Speech7 API Docs

Authentication

Most endpoints expect your Speech7 API key. Send it as apiKey in the request body or use the x-api-key header (or ?apiKey=... query) for fetch requests that do not accept JSON bodies.

Admin endpoints require an admin login in the web UI or an admin API key (set isAdmin=true when creating the account).

Capabilities depend on provider keys saved on the account. Use GET https://app.speech7.com/account/capabilities with your API key to see if TTS and STT are configured.

Check capabilities

POST /tts

Generate speech from text. Streams an MP3 response. Requires a TTS provider key saved on the account.

POST https://app.speech7.com/tts
Content-Type: application/json
{
  "apiKey": "your_api_key",
  "text": "Hello from Speech7"
}

Limits: min 500 chars / 20 words, max 500 words.

Add "json": true to return JSON metadata instead of streaming audio (fields: audioPath and id).

Quick test: curl -o out.mp3 -X POST https://app.speech7.com/tts -H "Content-Type: application/json" -d '{"apiKey":"YOUR_KEY","text":"Hello world from the API."}'

GET /speeches

List recent speeches for your API key (newest first).

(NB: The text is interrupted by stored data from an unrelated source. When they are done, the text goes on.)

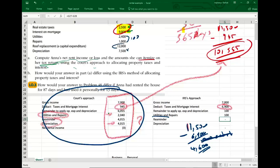One item I didn't mention: the roof. It's a capital expenditure, which means it's added to the cost of the house — to the basis — and taken in depreciation. It's accounted for that way.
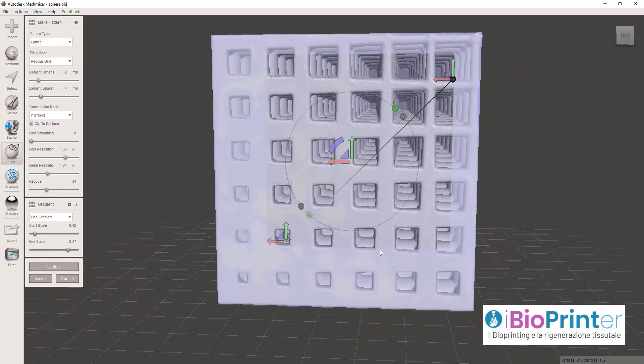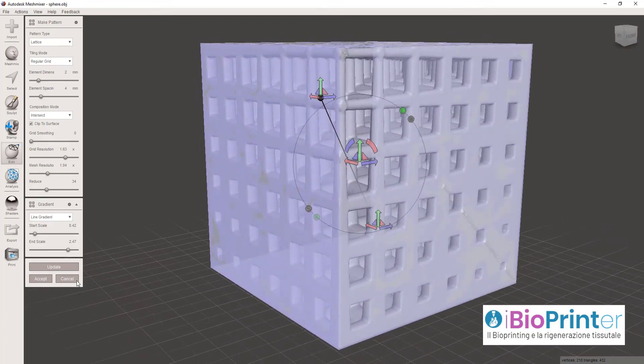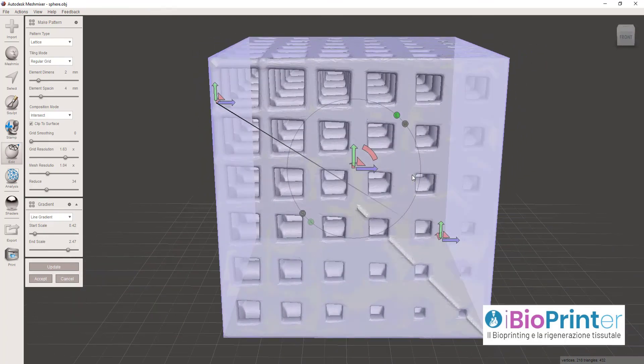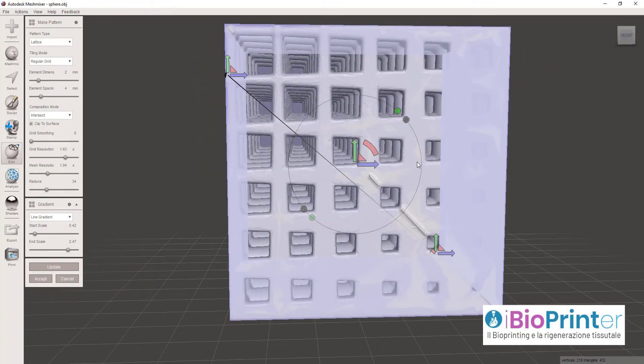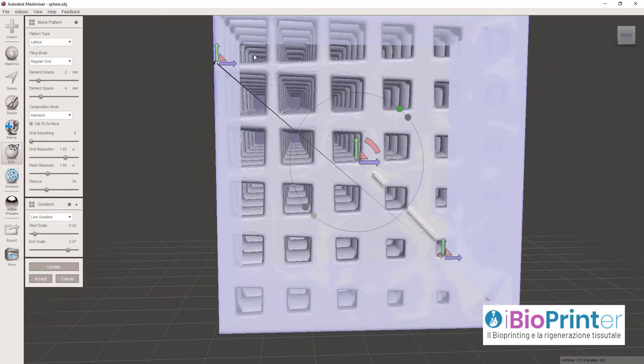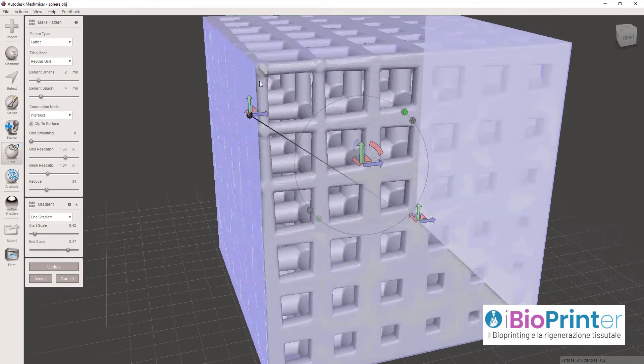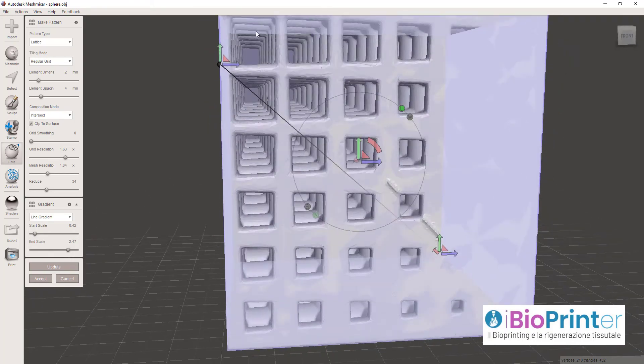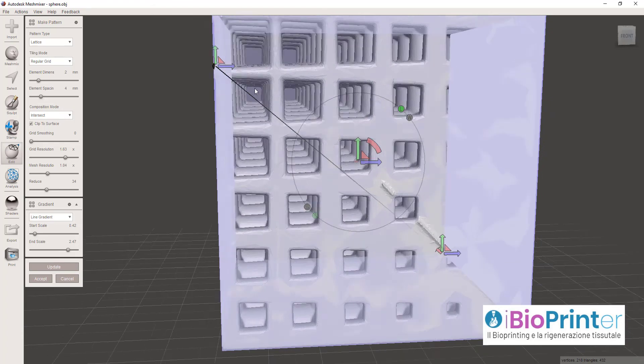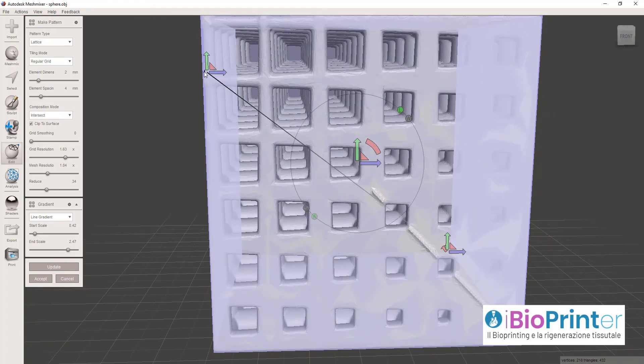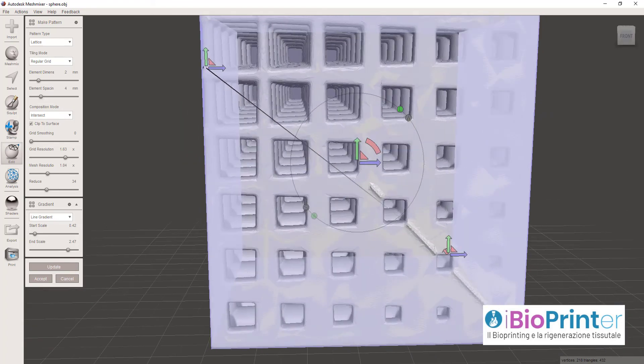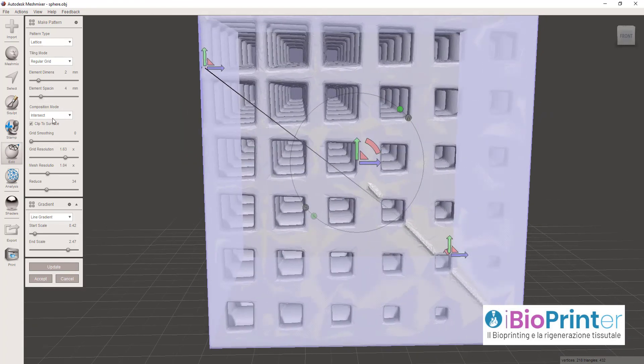Fondamentalmente quello che abbiamo ottenuto è una struttura tridimensionale al cui interno sono scavate delle celle elementari cubiche con dimensione progressivamente decrescente dall'angolo superiore sinistro all'angolo inferiore destro del nostro cubo.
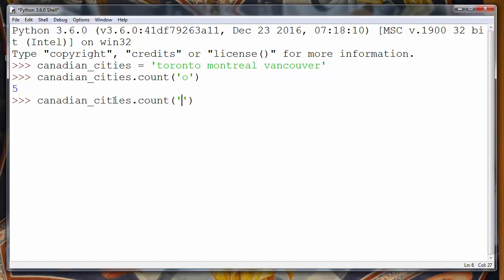Let's check what will happen if we want to check the number of occurrences of some letter that doesn't exist in our string. For example, letter X. We will get that the number of occurrences of letter X is 0.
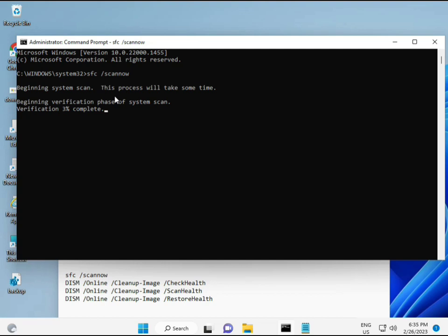You can see it on the screen. When you enter, it starts at some percentage and finds any corrupted files. Second command also checks the health of your computer. Third also checks and fourth restores your health.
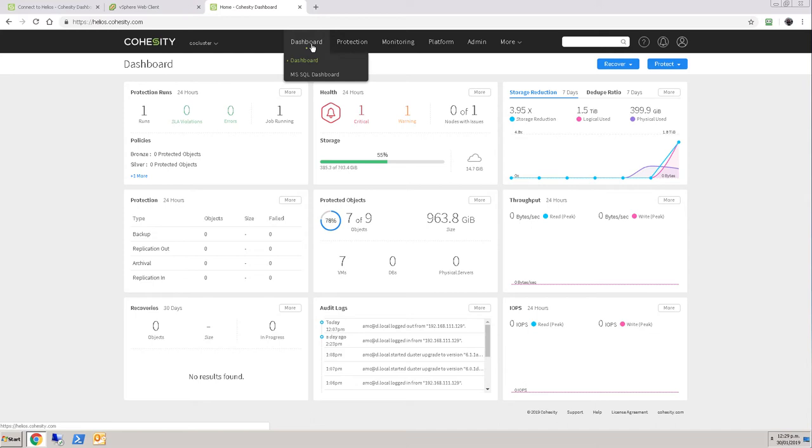This will become really important to me when I've got multiple of these Cohesity clusters. And so one of the next things that I'm going to do is to set up replication between this cluster in my main lab and my other cluster in the V Brown Bag mobile lab.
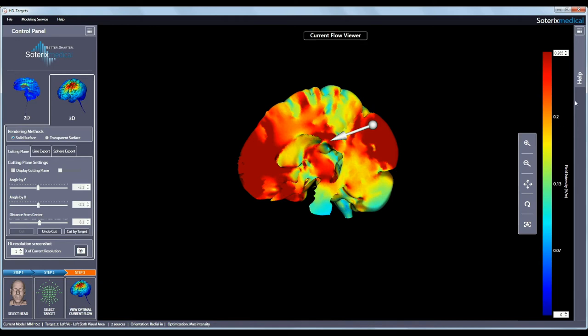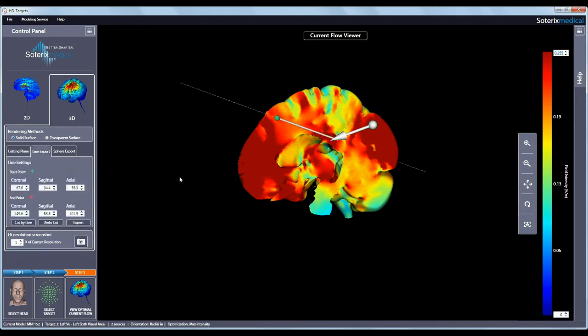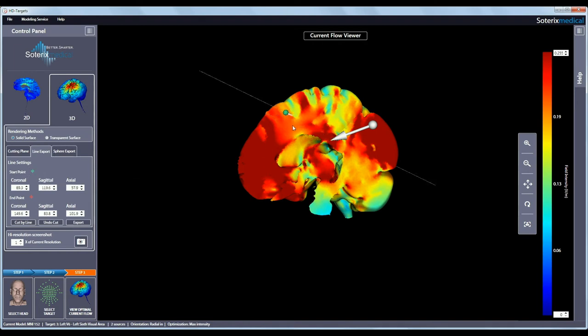The field intensity scale can also be adjusted here in the same way as the 2D view. The line export option lets you define a line anywhere in the 3D volume and export the induced electric field values along it to a text file. You can set the start point by clicking on the green crosshair and clicking anywhere in the 3D space to define the start coordinate. You can also manually enter the start coordinates.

GET https://app.speech7.com/speeches?limit=50
Headers: x-api-key: your_api_key

Returns speeches array with id, timestamps, usage stats, and audioPath. Use the IDs with GET /speeches/:speechId.

Quick test: curl -H "x-api-key: YOUR_KEY" https://app.speech7.com/speeches

GET /speeches/:speechId

Fetch details for a specific speech. Add ?download=1 to stream the stored MP3.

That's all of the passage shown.